Concordia Sensoria Research Team (CONSERT) Doctoral Students

Mnemographic Systems: Transcribing the Senses and the Influence of Technology on Human Consciousness

 

Sarah T Renshaw
Special Individualized Program (SIP) Ph.D.
Concordia University

I am investigating the function of writing as a tool used to service memory and draw into question the linear structure of the sentence as being best suited for this task. I am researching current as well as past methods of communication in order to consider innovative ways to restructure forms carrying information to reflect human consciousness as nonlinear and receptive to multi-sensory input. The philosopher Jacques Derrida and the Swiss linguist Louis Hjelmslev have been influential to the direction of my research. In Grammatology Derrida points out that there is a literary bond between the play of form and the substance of graphic expression. Derrida relates the structure of the psyche to the structure of the sign. Writing provides the physical manifestation of these structures. Like Derrida, Louis Hjelmslev was not comfortable limiting language to a phonetic system of signs. He thought that all signs function between content and expression substance and that the substance did not necessarily have to be dictated by phonetics but could take on many forms and utilize different senses to articulate and perceive meaning such as gestures used to communicate in sign language. Language should not be limited to one sensory experience but rather should be transcribed throughout the senses. Receiving information through sound in speech is in no way superior to experiencing it through sight or touch. Expressions should not be restricted by material substance or form. Media available today provide an entirely new palate for expression. By studying methods of expression and how they affect culture, I would like to pursue a practice driven by the notion of unifying various branches of knowledge (Communications, Anthropology, and Art) in order to create new methods of structuring, storing, and communicating information. The form of expression informs the substance of what is expressed. I argue that the linear nature of existent communication systems does not truly reflect the way in which people think.

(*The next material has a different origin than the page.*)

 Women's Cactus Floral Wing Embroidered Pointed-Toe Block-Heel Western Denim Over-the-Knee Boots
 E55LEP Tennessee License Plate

The development of tools reveals much about the functions and lifestyles of the people who create the tools. By investigating tools available today used to aid in the communication and storage of information one can gain insight into the collective consciousness of our own culture. I also think there is potential to exploit new tools in ways which create physical embodiments of text. Surfaces can become responsive in a manner that a page cannot. Gestures can inform the shape and movement of text, or themselves become a system of writing.

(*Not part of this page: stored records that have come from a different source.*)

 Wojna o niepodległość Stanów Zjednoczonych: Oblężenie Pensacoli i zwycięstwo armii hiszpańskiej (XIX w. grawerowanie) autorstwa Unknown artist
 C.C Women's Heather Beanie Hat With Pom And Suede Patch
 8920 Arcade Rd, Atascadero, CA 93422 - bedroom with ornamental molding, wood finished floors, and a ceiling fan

In the vein of the French Symbolists and Surrealists, I am exploring word as form that can carry meaning through the very form of its construction. Media available today provide fertile territory for creating new experiences of storing and transmitting information. By studying different systems of communication throughout various societies and time periods, I am researching cross-cultural semiotic variants and sensory constructions to investigate how signs and text produce meaning and influence consciousness and expression. I am interested in creating new methods of encoding information and designing new signifiers to reflect through their form the meaning of what is perceived. The experience of reading need not be flat and linear but should be explored with new tools to create dynamic experiences that use all the perceptual capacities of the body.